Here we assume we need to import data from Kafka into both tbl1 and tbl2 tables in example_db. We create a routine import task named test1 that imports data from the Kafka Topic named my_topic into both tbl1 and tbl2 simultaneously. This allows one routine import task to import Kafka data into two tables.

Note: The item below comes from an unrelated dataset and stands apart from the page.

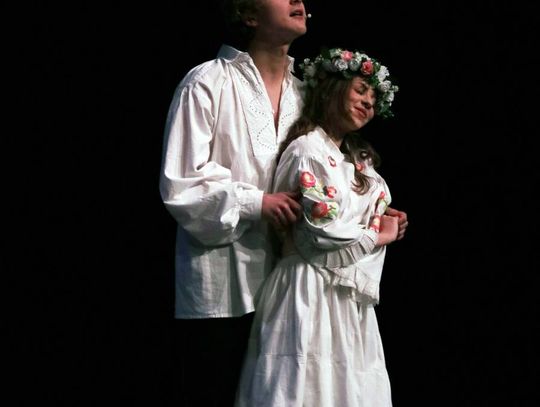 „Topielica i Szeptucha” na scenie Hrubieszowskiego Domu Kultury - galeria zdjęć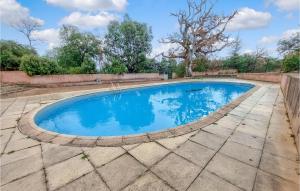 Awesome apartment in Fox Amphoux with Outdoor swimming pool, 2 Bedrooms and WiFi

CREATE ROUTINE LOAD example_db.test1
FROM KAFKA
(
"kafka_broker_list" = "broker1:9092,broker2:9092,broker3:9092",
"kafka_topic" = "my_topic",
"property.kafka_default_offsets" = "OFFSET_BEGINNING"
);
At this point, the data in Kafka needs to contain table name information. Currently, dynamic table names can only be obtained from Kafka's Value, and must conform to this format: in JSON format: table_name|{"col1": "val1", "col2": "val2"}, where tbl_name is the table name, with | as the separator between table name and table data. CSV format data is similar, for example: table_name|val1,val2,val3. Note that the table_name here must match the table name in Doris, otherwise import will fail. Note that dynamic tables do not support the column_mapping configuration introduced later.
Strict Mode Import
Create a Kafka routine import task named test1 for example_tbl in example_db. The import task is in strict mode.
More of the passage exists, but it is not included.